Wealth management and treasury income will remain key drivers of non-interest income (non-II) in FY25F
The banking sector is expected to remain stable, but the earnings upside from stronger net interest margins (NIMs) in FY25F appears already factored into valuations.
CGSI stated that wealth management, and to a lesser extent treasury income, will remain key drivers of non-interest income (non-II) in FY25F as customers begin deploying cash assets under management (AUM) amid shifting interest rates and macroeconomic conditions.
It also projected net profit changes for Singapore banks in FY25F to range from approximately -5% to +3% year-on-year.
The higher-for-longer interest rate scenario is expected to support net interest margins (NIMs) in FY25F, though it may slightly dampen credit demand.

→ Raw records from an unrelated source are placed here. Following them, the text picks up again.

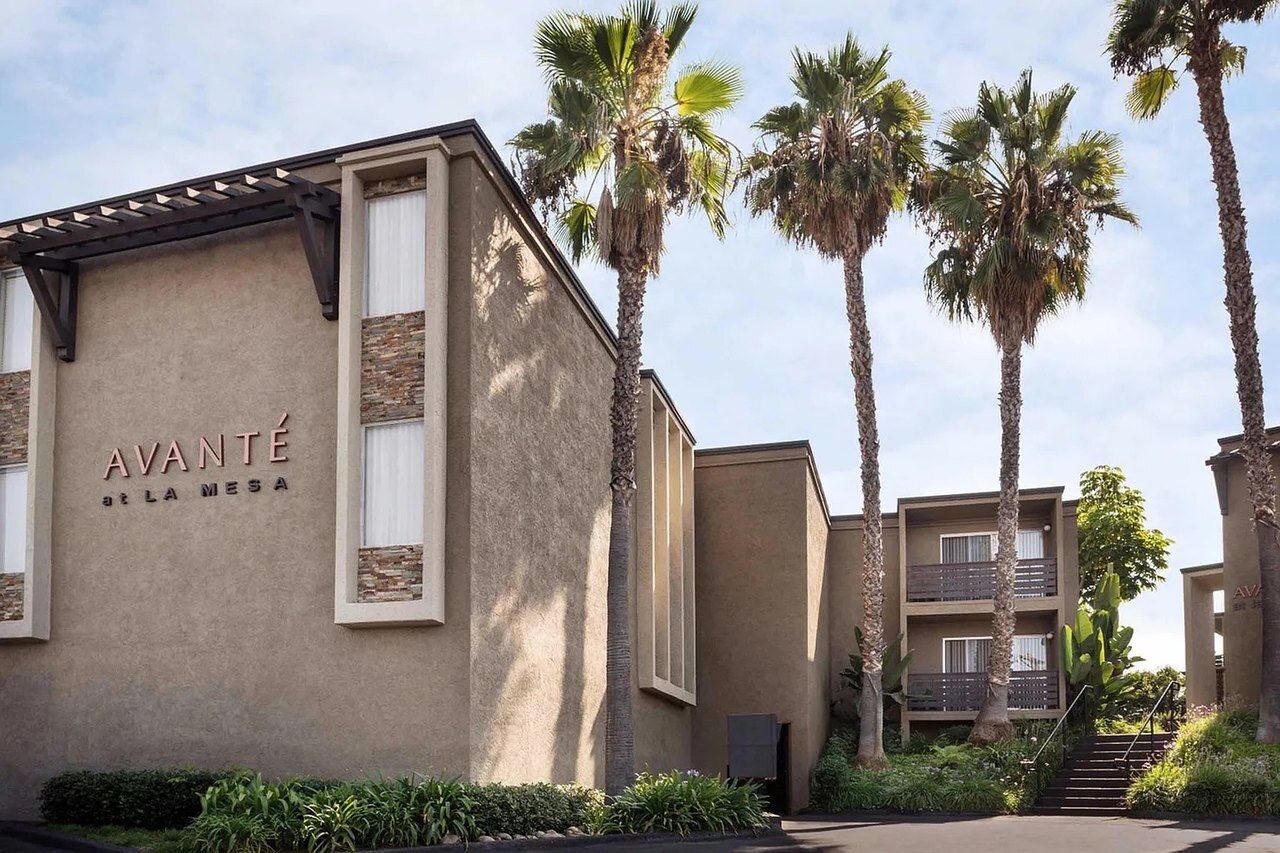 Elan Avante Apartments exterior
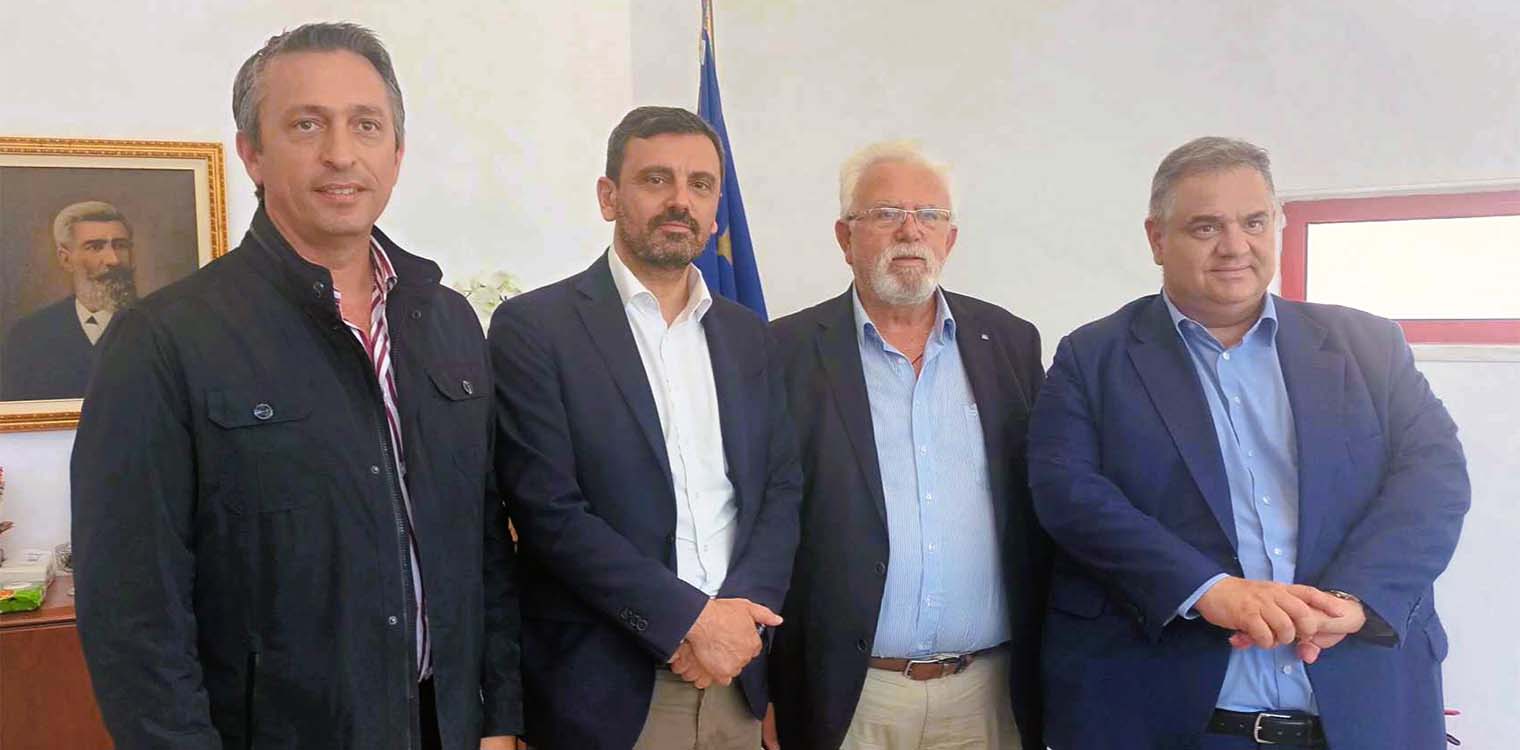 Τα σοβαρά προβλήματα που αντιμετωπίζει ο Δήμος Ήλιδας έθεσε ο Χ. Χριστοδουλόπουλος κατά την επίσκεψη του κυβερνητικού κλιμακίου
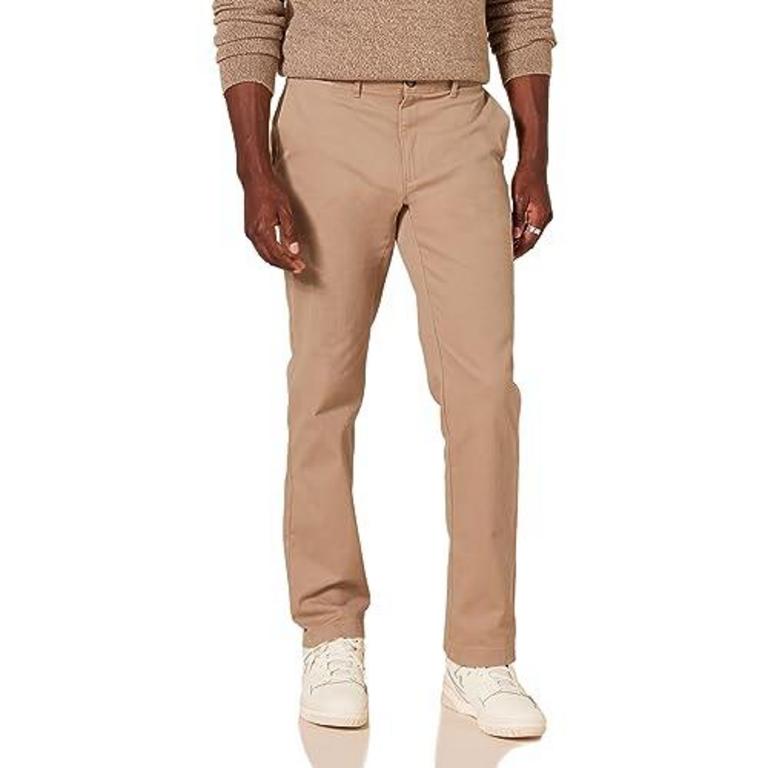 ESSENTIALS CHINO PANTS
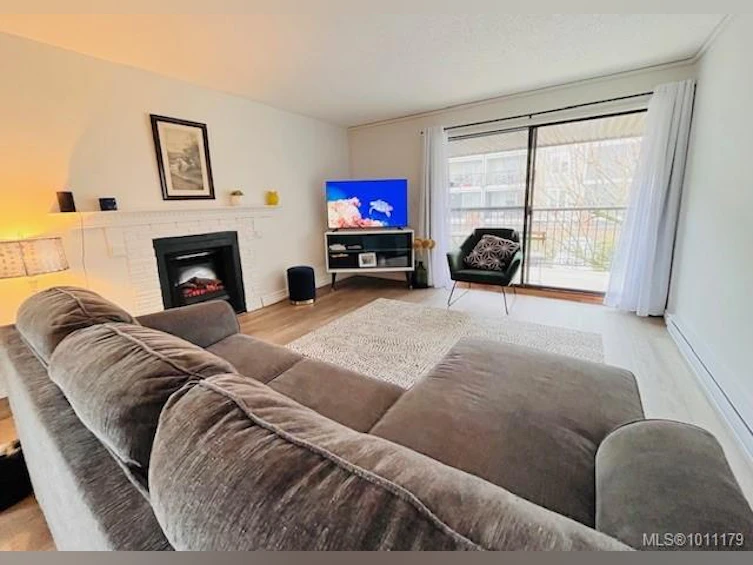 201-585 S Dogwood Street, Campbell River, BC, V9W 6T6 - 2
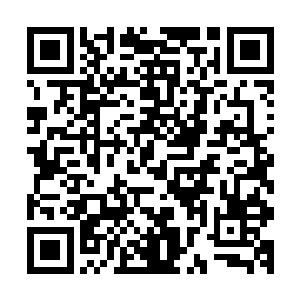 但是她怎么也无法穿着这么一件三圣殿宗门的长袍招摇过市的二维码生成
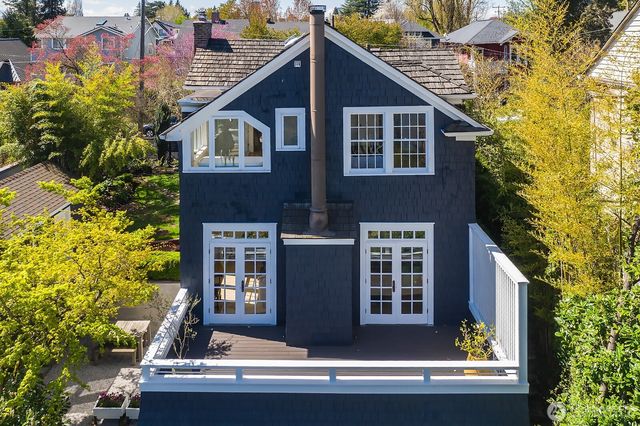 624 35th Avenue, Seattle, WA 98122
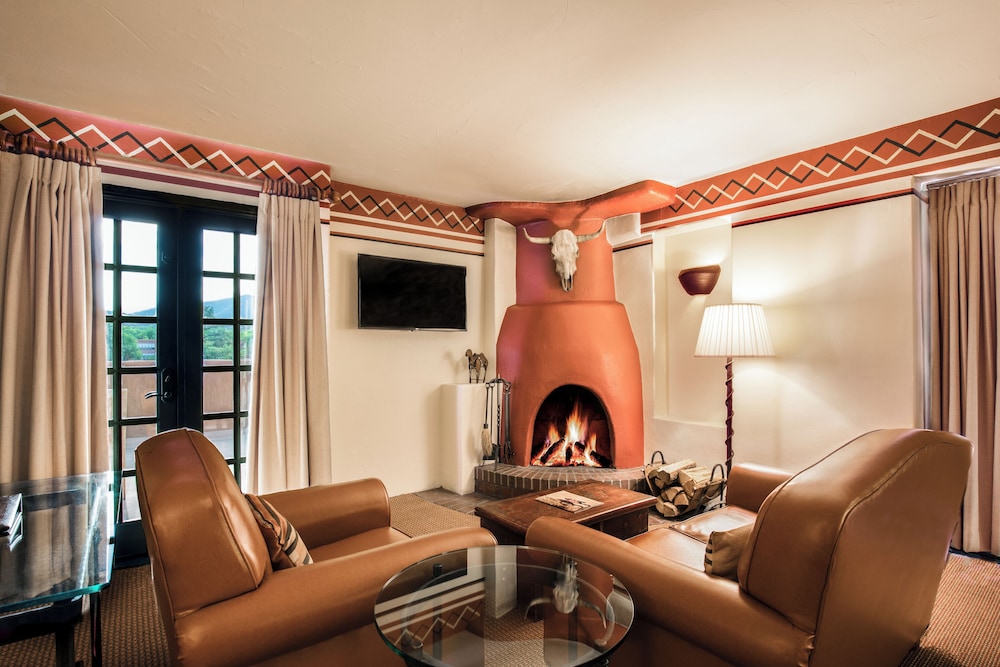 Suite, 1 Bedroom photo 3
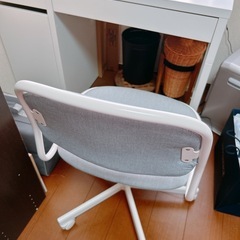 IKEAミッケ　デスクとチェアセット　説明書ありの画像
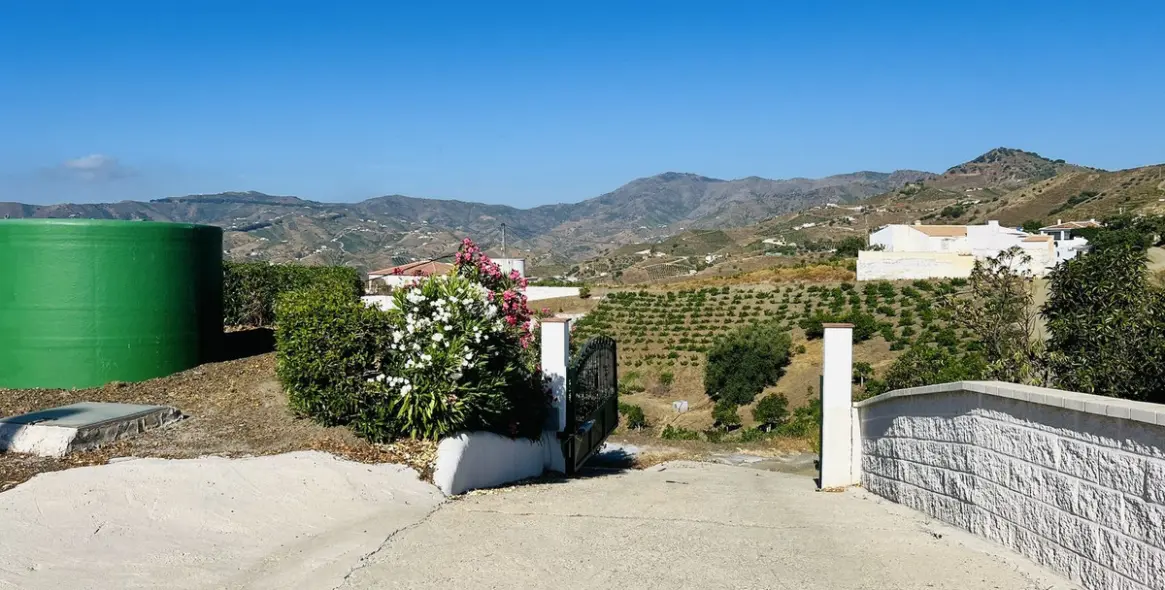 Venta de finca - cortijo en Almachar 32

Despite this, YoY improvement is anticipated, with banks projecting mid-to-high single-digit loan growth in FY25F, compared to low single-digit growth in FY24F.
CGSI also expects Fee income to see steady improvement, particularly in credit card revenues for $DBS (D05.SG)$ and $UOB (U11.SG)$ , following their acquisitions of Citi retail portfolios, as well as from market-related activities.
Cost-to-income (CTI) ratios are likely to remain in the 41-42% range as banks continue to focus on cost discipline.